In The Founders, his new book about top charter schools, Richard Whitmire traces both the “revolution” these schools brought about in many American cities as well as a parallel phenomenon, "the charter pushback campaigns."
Consider the gathering storm over public charter schools in Massachusetts, which Whitmire deftly examines. In November, voters will decide whether to support a ballot initiative allowing the state to add 12 new or expanded charters annually. Low-performing districts get priority.
Voters from the Berkshires to Cape Cod will be able to weigh in, but in effect they will be determining educational opportunity for only a fraction of the state: low-income, mostly minority students in Boston and a few smaller cities.
Boston is projected to enroll 10,000 students in charters this year, about one-quarter of the state total, while keeping another 10,000 on waiting lists, according to state estimates.
Put another way, in the 2016-17 school year, more than one of every three Boston public school students will be in charters or will wish they were.
But because the district has reached its limit, most of those 10,000 kids won’t get near a seat unless the cap is raised, which is tragic because Boston charters aren’t just good, or even very good.
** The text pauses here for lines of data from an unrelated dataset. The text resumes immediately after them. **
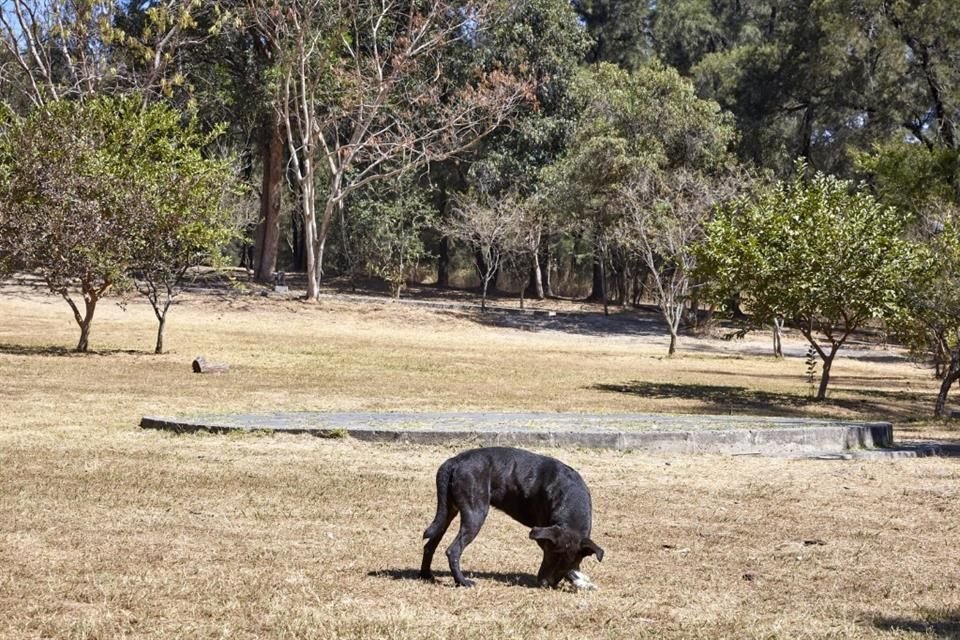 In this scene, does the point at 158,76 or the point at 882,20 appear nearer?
the point at 158,76

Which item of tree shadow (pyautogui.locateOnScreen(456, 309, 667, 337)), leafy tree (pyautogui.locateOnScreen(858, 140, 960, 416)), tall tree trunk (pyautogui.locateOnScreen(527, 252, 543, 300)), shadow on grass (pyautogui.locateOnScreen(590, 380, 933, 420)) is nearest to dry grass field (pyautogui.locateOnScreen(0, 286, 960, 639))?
shadow on grass (pyautogui.locateOnScreen(590, 380, 933, 420))

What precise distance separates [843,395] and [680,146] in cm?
2221

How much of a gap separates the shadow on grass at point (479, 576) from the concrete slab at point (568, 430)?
211 inches

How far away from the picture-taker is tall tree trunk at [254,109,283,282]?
44.1 m

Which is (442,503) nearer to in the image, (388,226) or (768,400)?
(768,400)

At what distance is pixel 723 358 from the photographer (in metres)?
35.6

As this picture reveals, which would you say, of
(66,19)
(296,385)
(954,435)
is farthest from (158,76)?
(954,435)

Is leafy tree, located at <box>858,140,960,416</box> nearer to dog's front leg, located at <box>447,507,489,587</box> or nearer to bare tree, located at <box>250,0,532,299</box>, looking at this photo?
bare tree, located at <box>250,0,532,299</box>

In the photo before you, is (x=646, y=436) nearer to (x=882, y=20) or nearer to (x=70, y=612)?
(x=70, y=612)

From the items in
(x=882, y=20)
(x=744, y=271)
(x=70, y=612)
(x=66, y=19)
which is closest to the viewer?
(x=70, y=612)

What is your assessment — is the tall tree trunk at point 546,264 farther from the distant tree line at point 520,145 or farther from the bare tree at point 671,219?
the bare tree at point 671,219

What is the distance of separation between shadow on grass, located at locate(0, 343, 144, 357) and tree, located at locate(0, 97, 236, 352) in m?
0.39

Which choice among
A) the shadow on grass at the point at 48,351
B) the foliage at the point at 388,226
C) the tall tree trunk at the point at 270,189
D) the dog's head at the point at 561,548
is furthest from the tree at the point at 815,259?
the foliage at the point at 388,226

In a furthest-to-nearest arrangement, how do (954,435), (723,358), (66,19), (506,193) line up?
(506,193) → (723,358) → (66,19) → (954,435) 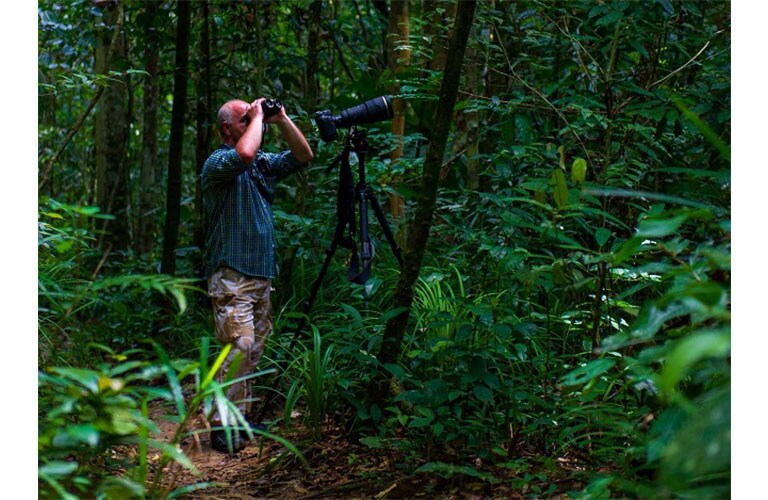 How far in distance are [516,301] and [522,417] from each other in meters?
0.97

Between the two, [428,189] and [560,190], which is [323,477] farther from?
[560,190]

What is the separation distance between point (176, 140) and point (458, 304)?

They’re probably the best in the country.
Consider what researchers have found:
In a widely cited 2015 study of charter performance in 41 urban areas, Stanford University determined that “the magnitude of the gains that charter school students in Boston received compared to their traditional public school counterparts is the largest we’ve seen in any area of the country we have studied.”.
More remarkably, the study found that Boston charter students achieved four times more growth in reading and six times more growth in math than their peers in Boston’s traditional schools — a difference equivalent to hundreds of extra days of school. The biggest gains were made by low-income black and Hispanic students.
The findings echo a 2013 analysis showing Boston charter students learned at twice the rate of other public school students, making 12 months more progress in reading over a year and 13 months more progress in math. And these results weren’t concentrated in just a few schools run by the best-known operators. To the contrary, 83 percent of Boston charters outperformed traditional schools in reading and math and no charters performed worse than traditional schools.
Charter opponents often try to delegitmize strong testing results like those in Boston by attributing them to excessive test prep — as New York City Mayor Bill de Blasio did recently. (As if that were the only way poor students can excel!)
But a Harvard researcher found that despite “perverse incentives” for charters to focus on a narrow range of material because of accountability pressure, there was “no evidence of this type of test preparation” among Boston charters.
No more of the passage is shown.